That is good to know, thanks for the input @rickloveslamp . Will try to work queue_head_message_timestamp into the next series of queue-specific metrics 👍

michaelklishin commented 4 years ago

We have previously asked developers to not depend on that metric as it may go away (as can a few other queue implementation details). I guess if it hasn't about three years later then it can be considered for this exporter.

aldobongio commented 4 years ago

Hi, It would be nice to have the kbudde rabbitmq_partitions metric in the Prometheus plugin. Thanks for the great work!

gerhard commented 4 years ago

It would be nice to have the kbudde rabbitmq_partitions metric in the Prometheus plugin.

I was thinking something similar earlier today: https://github.com/rabbitmq/rabbitmq-prometheus/commit/b5de702965b9d0869fdc217f5924e5f39815b03c (see the singlestat panels section).

👍

hrobertson commented 4 years ago

The rabbitmq_queue_consumers metric is missing a value on my instance of 3.8.1. The Type and Help lines are present, but no actual value line.
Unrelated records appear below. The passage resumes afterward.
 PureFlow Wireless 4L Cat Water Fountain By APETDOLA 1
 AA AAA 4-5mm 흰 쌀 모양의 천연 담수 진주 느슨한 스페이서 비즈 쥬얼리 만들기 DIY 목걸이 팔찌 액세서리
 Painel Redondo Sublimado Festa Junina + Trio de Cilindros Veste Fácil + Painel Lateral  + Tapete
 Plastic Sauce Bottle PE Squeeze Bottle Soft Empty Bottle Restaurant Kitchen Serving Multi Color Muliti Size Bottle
# TYPE rabbitmq_queue_consumers gauge
# HELP rabbitmq_queue_consumers Consumers on a queue 

The management UI shows numerous consumers on various channels.

gerhard commented 4 years ago

@hrobertson that implies that no consumers are consuming from any of the queues.

From the queues page, can you enable the Consumers count column and confirm that your queues have consumers bound to them?

hrobertson commented 4 years ago

@gerhard Yes there are many consumers.

gerhard commented 4 years ago

The only explanation that I can think of is that data stored in queue_stats diverged from data stored in queue_metrics. As this plugin simply reports what is in queue_metrics, if the data differs from queue_stats, then you will get the differences that you are mentioning.

The best that I can do is recommend you open a new issue against rabbitmq/rabbitmq-management. Provide the following output from the node where the queues are running on:

  1. rabbitmqctl status
  2. rabbitmqctl list_queues name,consumers --formatter json
  3. rabbitmqctl eval 'io:format("QUEUE STATS:~n~p~n~nQUEUE METRICS:~n~p~n~n", [ets:tab2list(queue_stats), ets:tab2list(queue_metrics)]).'
hrobertson commented 4 years ago

@gerhard In the output of that last command I can see that queue_metrics has the correct non-zero number of consumers for the various queues. I'm guessing therefore that I shouldn't post it to rabbitmq-management.

I created a new classic queue "test" in the default vhost and subscribed a consumer to it and even that does not show in the Prometheus metrics.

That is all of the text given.